Le 6 décembre 1491, Anne de Dreux, duchesse de Bretagne, épouse le roi de France Charles VIII. Le couple développe des liens très forts et la reine tombe rapidement enceinte. On sollicite les prières de François de Paule, ermite et religieux italien réputé pour ses « miracles ». Celui-ci prédit à Charles VIII qu’il « lui naîtra un fils, qui aura pour nom Orland ». Le 10 octobre 1492, Anne de Bretagne met effectivement au monde un garçon, le dauphin tant désiré, qui est prénommé Charles-Orland. Cette heureuse naissance est suivie par une série d’espoirs déçus : à peine remise de son accouchement, Anne est de nouveau enceinte mais fait une fausse-couche en juillet 1493, lors d’une chasse dans la forêt de Courcelles, durant laquelle la reine ne s’est pas ménagée.

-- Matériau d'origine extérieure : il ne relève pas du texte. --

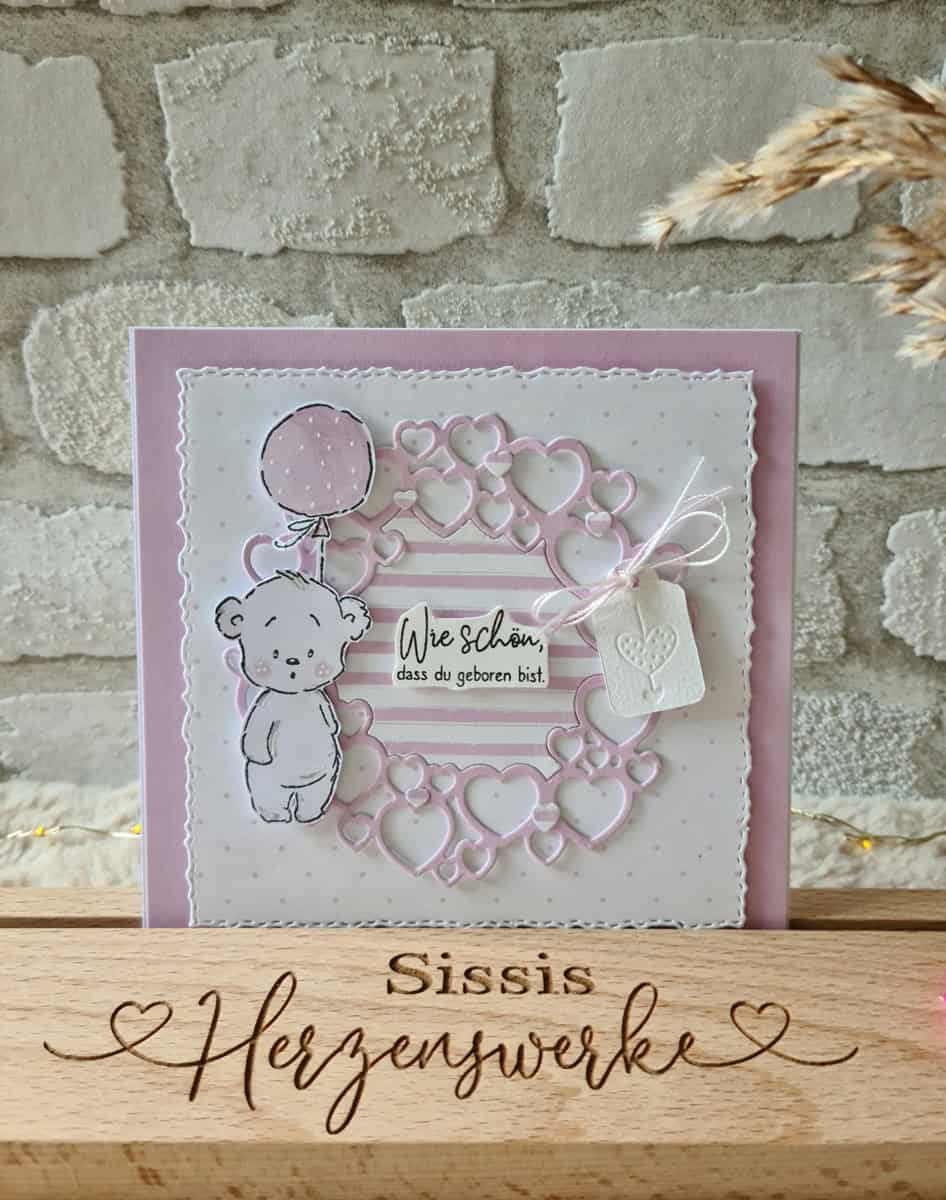 Handgefertigte Karte mit der Stanzenshop.de Stanzschablone Kreis aus Herzen, mit einem Bären, der einen Luftballon hält und dem Spruch "Wie schön, dass du geboren bist" auf rosa-weißem Hintergrund - ideal für Basteln-Fans.
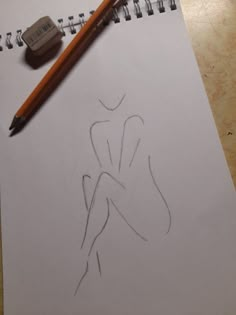 a drawing of a woman's torso with a pencil next to it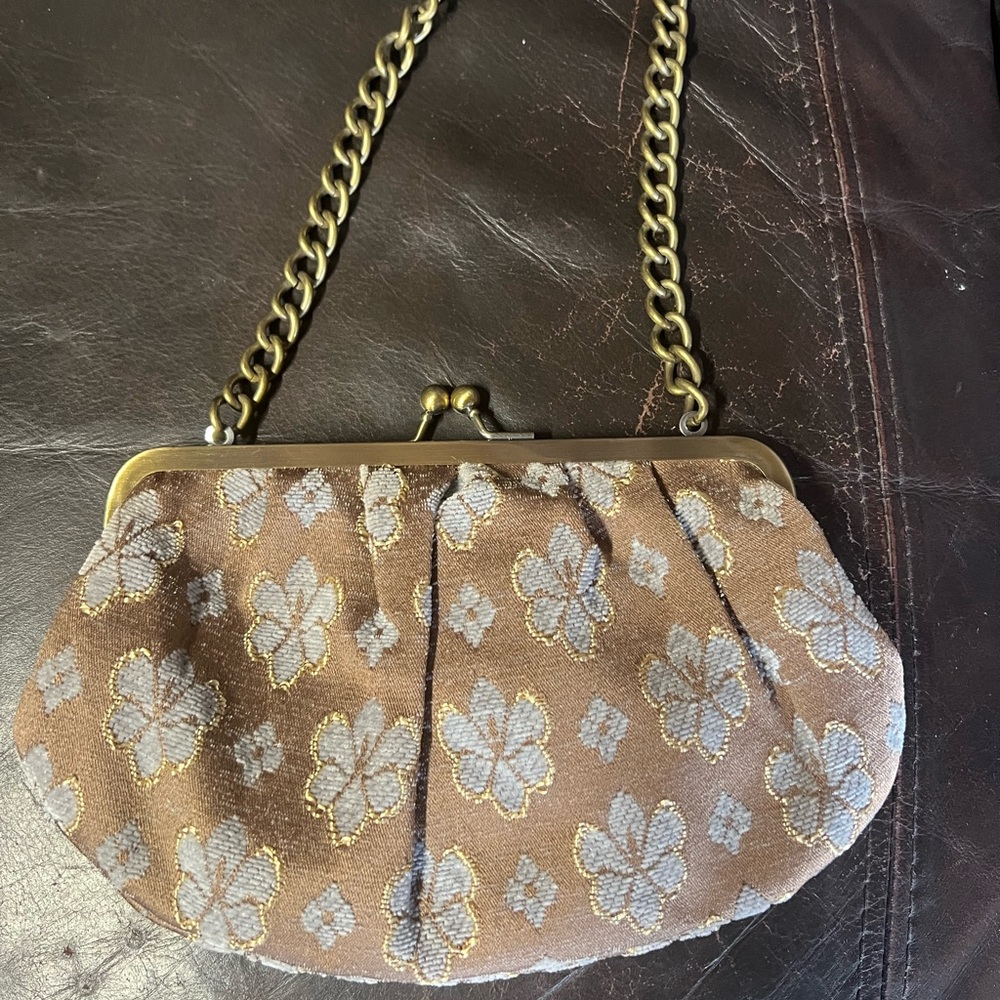 Fashion express small purse with satin/cloth floral print and chain for straps.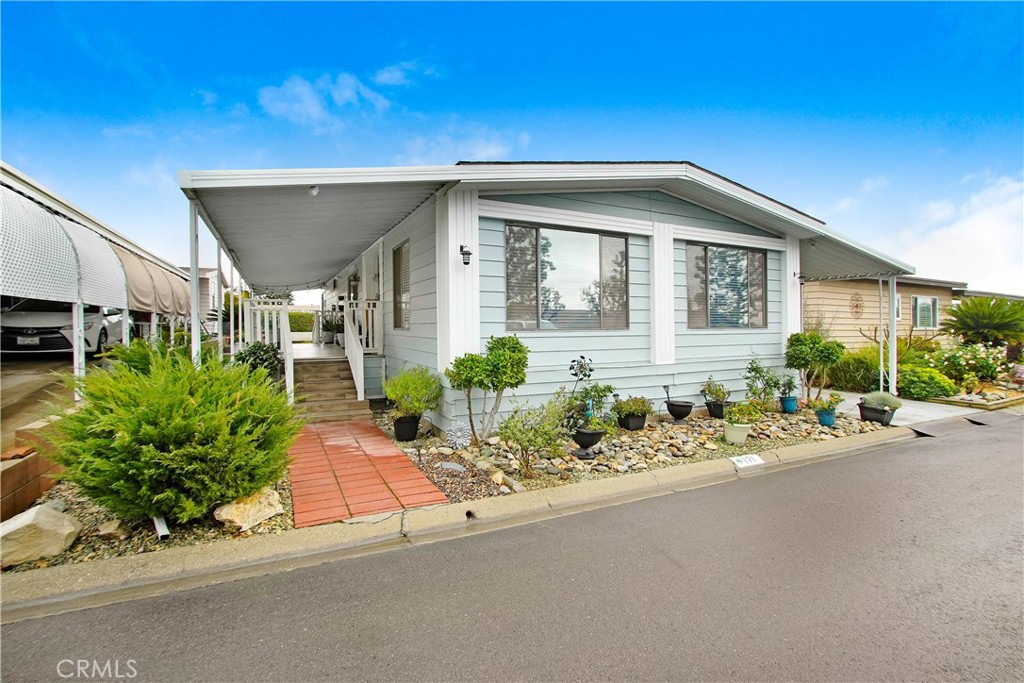 a front view of a house with a yard and potted plants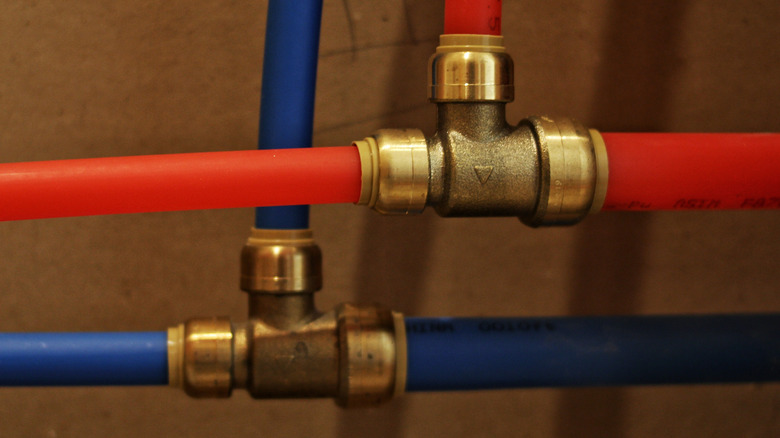 Red and blue PEX pipes with metal connections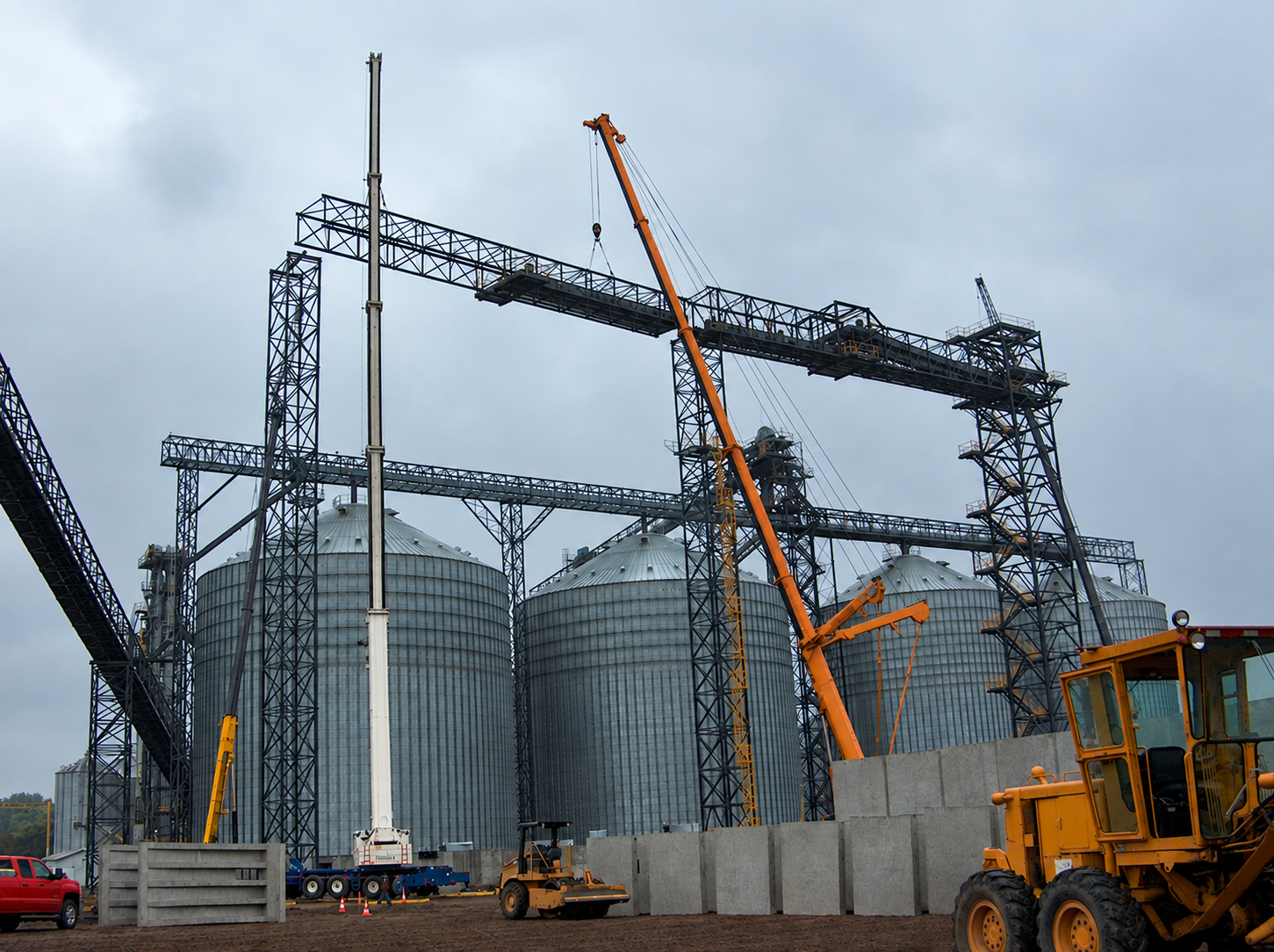 Grain Silos and Cranes Under Gray Skies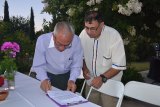 Jesus Garcia (right) and Ecuador's Jaime Benevides, sign an agreement bonding the Ecuadorian club and Lemoore's Rotary Club.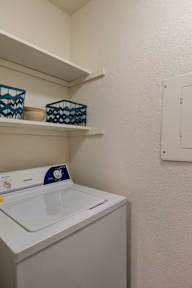 A white washing machine sits in a small laundry room.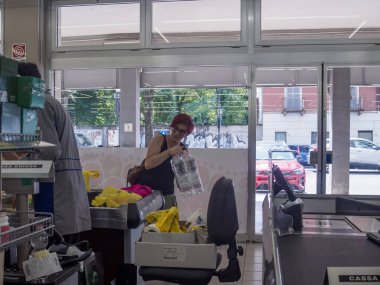 Cremona, İtalya 29 Temmuz 2024 Müşteri arka planda bir tezgahtar çalışırken bir marketin kasasındaki bir alışveriş çantasına şişe su koyuyor.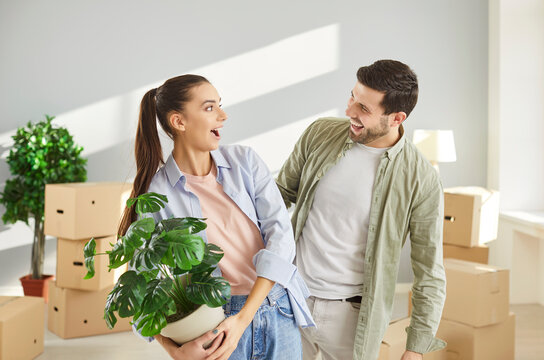 Happy couple with house plant, family celebrate relocation new modern apartment, husband, wife start living together, enjoy moving day to new flat starting cohabitation after marriage, eco green decor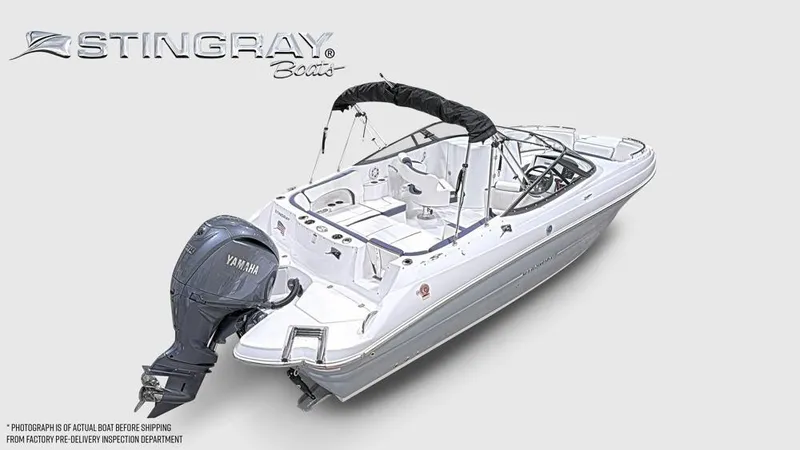 Slide: The Image of The image shows a 2027 Stingray 231 DC boat with a Yamaha outboard motor. - 2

L’enfant est suffisamment formé pour que l’on constate que c’était un garçon. On se console rapidement de cette perte, Anne annonçant une troisième grossesse, au début de l’année 1494. Là encore, elle perd l’enfant au printemps, ayant voulu suivre Charles VIII à Lyon – contre l’avis des médecins – qui part guerroyer en Italie : bien qu’elle voyage en litière, à cause des pavés de la ville, la reine fait une nouvelle fausse-couche.
Lorsque le roi quitte son épouse, à la fin du mois d’août 1494, Anne est à nouveau enceinte. Depuis Naples, Charles VIII apprend que la reine a mis au monde un fille mort-née, en avril 1495. Le sort semble s’acharner sur le couple royal. Anne est-elle trop jeune pour enfanter ? Ses grossesses sont-elles trop rapprochées ? Une autre épreuve attend la reine : le 16 décembre 1495, le petit Charles-Orland meurt de la rougeole. Alors que ses parents pleurent la mort de l’héritier du trône, le cousin de Charles VIII, Louis d’Orléans, ne cache pas sa joie car, en l’absence d’un dauphin, il est désormais le premier dans l’ordre de succession. Anne supporte mal le comportement provoquant du royal cousin, qui est obligé de quitter la cour et de se retirer au château de Blois, pour avoir déplu à la reine. Celle-ci mettra longtemps avant de lui pardonner de s’être réjoui publiquement de la mort de son fils. Bien des années après du dauphin, Anne de Bretagne commandera un tombeau en marbre blanc et gris, avec les gisants de Charles-Orland et du dauphin suivant, le petit Charles, témoignant ainsi qu’elle n’a jamais oublié ses enfants disparus trop tôt. Ce tombeau sera achevé en 1506.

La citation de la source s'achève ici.